Re: Surjective functional indexes

From: Konstantin Knizhnik <k(dot)knizhnik(at)postgrespro(dot)ru>
To: Tom Lane <tgl(at)sss(dot)pgh(dot)pa(dot)us>
Cc: PostgreSQL Hackers <pgsql-hackers(at)postgresql(dot)org>
Subject: Re: Surjective functional indexes
Date: 2017-05-25 17:10:46
Message-ID: 9f8b34b3-0db6-0887-256e-7e5ca8b4b047@postgrespro.ru
Views: Raw Message | Whole Thread | Download mbox | Resend email
Thread:
Lists: pgsql-hackers

On 25.05.2017 19:37, Tom Lane wrote:
> Konstantin Knizhnik <k(dot)knizhnik(at)postgrespro(dot)ru> writes:
>> My proposal is to check value of function for functional indexes instead
>> of just comparing set of effected attributes.
>> Obviously, for some complex functions it may have negative effect on
>> update speed.
>> This is why I have added "surjective" option to index.
> This seems overcomplicated.

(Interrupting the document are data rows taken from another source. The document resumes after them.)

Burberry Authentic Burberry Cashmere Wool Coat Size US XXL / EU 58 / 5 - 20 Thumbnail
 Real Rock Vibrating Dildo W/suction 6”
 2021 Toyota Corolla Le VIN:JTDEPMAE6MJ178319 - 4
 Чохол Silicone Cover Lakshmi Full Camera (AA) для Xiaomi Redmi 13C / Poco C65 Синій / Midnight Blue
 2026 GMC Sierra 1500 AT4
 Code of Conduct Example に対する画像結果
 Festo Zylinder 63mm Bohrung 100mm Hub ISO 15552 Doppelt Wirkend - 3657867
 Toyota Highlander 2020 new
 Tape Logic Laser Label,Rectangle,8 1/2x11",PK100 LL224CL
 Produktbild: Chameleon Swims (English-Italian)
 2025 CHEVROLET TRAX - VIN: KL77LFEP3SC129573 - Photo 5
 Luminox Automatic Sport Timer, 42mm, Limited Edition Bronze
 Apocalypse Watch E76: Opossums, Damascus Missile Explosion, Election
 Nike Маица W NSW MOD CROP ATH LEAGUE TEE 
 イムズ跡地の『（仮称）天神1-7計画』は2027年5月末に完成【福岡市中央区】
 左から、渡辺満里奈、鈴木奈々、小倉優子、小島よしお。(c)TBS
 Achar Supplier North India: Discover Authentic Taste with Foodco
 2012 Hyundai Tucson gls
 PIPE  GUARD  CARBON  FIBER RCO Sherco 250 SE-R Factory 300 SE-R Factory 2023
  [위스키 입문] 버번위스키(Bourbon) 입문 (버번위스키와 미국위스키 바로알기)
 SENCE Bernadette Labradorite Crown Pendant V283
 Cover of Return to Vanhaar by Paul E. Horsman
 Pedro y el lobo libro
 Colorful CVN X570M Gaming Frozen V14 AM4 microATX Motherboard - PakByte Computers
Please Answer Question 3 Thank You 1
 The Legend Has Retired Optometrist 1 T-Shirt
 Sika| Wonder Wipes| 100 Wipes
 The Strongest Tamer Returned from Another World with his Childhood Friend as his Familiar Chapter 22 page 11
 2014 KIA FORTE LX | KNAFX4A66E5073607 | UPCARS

We would have to compute the function
> value at some point anyway. Can't we refactor to do that earlier?
>
> regards, tom lane

Check for affected indexes/applicability of HOT update and update of
indexes themselves is done in two completely different parts of code.
And if we find out that values of indexed expressions are not changed,
then we can use HOT update and indexes should not be updated
(so calculated value of function is not needed). And it is expected to
be most frequent case.

Certainly, if value of indexed expression is changed, then we can avoid
redundant calculation of function by storing result of calculations
somewhere.
But it will greatly complicate all logic of updating indexes. Please
notice, that if we have several functional indexes and only one of them
is actually changed,
then in any case we can not use HOT and have to update all indexes. So
we do not need to evaluate values of all indexed expressions. We just
need to find first
changed one. So we should somehow keep track values of which expression
are calculated and which not.

One more argument. Originally Postgres evaluates index expression only
once (when inserting new version of tuple to the index).
Now (with this patch) Postgres has to evaluate expression three times in
the worst case: calculate the value of expression for old and new tuples
to make a decision bout hot update,
and the evaluate it once again when performing index update itself. Even
if I managed to store somewhere calculated value of the expression, we
still have to perform
twice more evaluations than before. This is why for expensive functions
or for functions defined for frequently updated attributes (in case of
JSON) such policy should be disabled.
And for non-expensive functions extra overhead is negligible. Also there
is completely no overhead if indexed expression is not actually changed.
And it is expected to be most frequent case.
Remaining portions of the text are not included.